Methods: Exosomes were isolated from saliva of HNSCC patients (n = 21) and healthy donors (HD, n = 12) by differential ultracentrifugation. Surface values of immune checkpoints and tumor associated antigens on saliva-derived exosomes were analyzed by bead-based flow cytometry using CD63 capture. Upon co-incubation with saliva-derived exosomes, activity and proliferation of T cells were assessed by flow cytometry (CD69 expression, CFSE assay). Adenosine levels were measured by mass spectrometry after incubation of saliva-derived exosomes with exogenous ATP. miRNA profiling of saliva-derived exosomes was performed using the nCounter^® SPRINT system.
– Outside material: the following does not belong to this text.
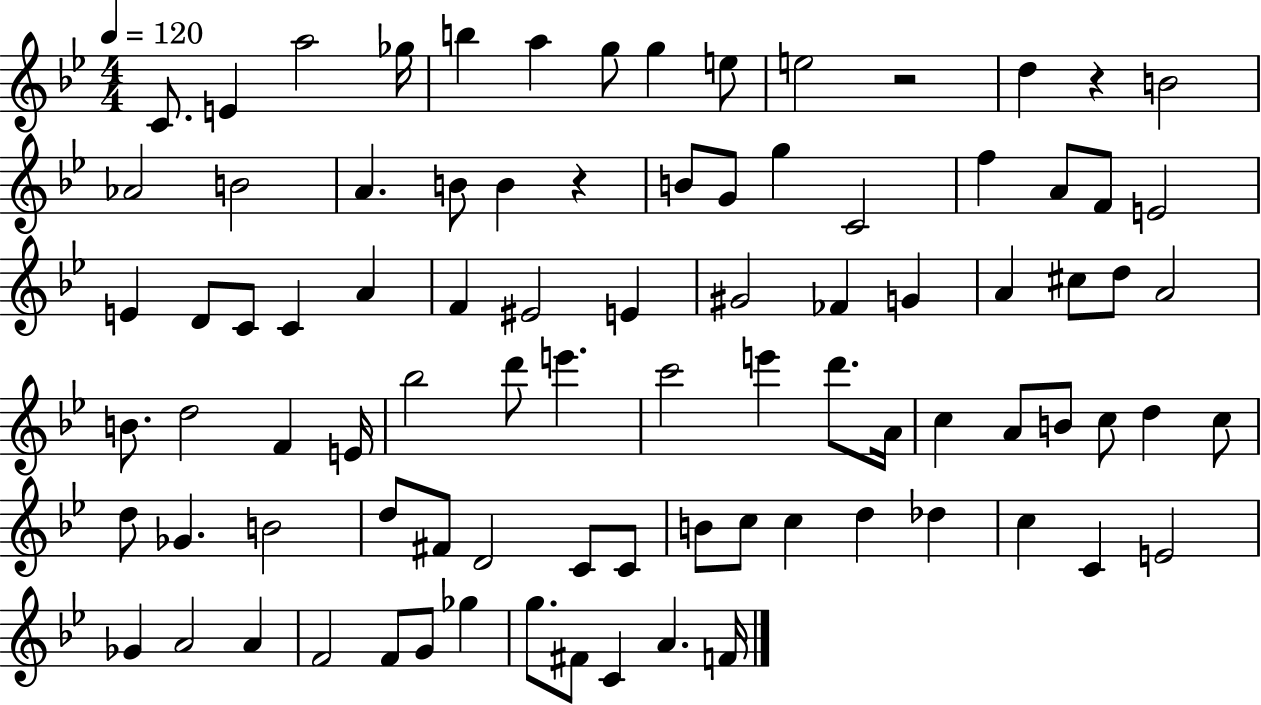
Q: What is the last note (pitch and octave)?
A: F4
Results: Saliva-derived, CD63-captured exosomes from HNSCC patients carried high amounts of CD44v3, PDL1 and CD39. Compared to plasma, saliva was rich in tumor-derived, CD44v3⁺ exosomes and poor in hematopoietic cell-derived, CD45⁺ exosomes. CD8⁺ T cell activity was attenuated by saliva-derived exosomes from HNSCC patients, while proliferation of CD4⁺ T cells was not affected. Further, saliva-derived exosomes produced high levels of immunosuppressive adenosine. 62 HD- and 31 HNSCC-exclusive miRNAs were identified. Samples were grouped in "Healthy" and "Cancer" based on their saliva-derived exosomal miRNA profile, which was further found to be involved in RAS/MAPK, NF-κB complex, Smad2/3, and IFN-α signaling.

Conclusions: Saliva-derived exosomes from HNSCC patients were enriched in tumor-derived exosomes whose cargo and functional profile reflected an immunosuppressive TME. Surface values of CD44v3, PDL1 and CD39 on CD63-captured exosomes, adenosine production and the miRNA cargo of saliva-derived exosomes emerged as discriminators of disease and emphasized their potential as liquid biomarkers specific for HNSCC.

Keywords: exosomes; head and neck squamous cell carcinoma (HNSCC); liquid biopsy; miRNA; saliva.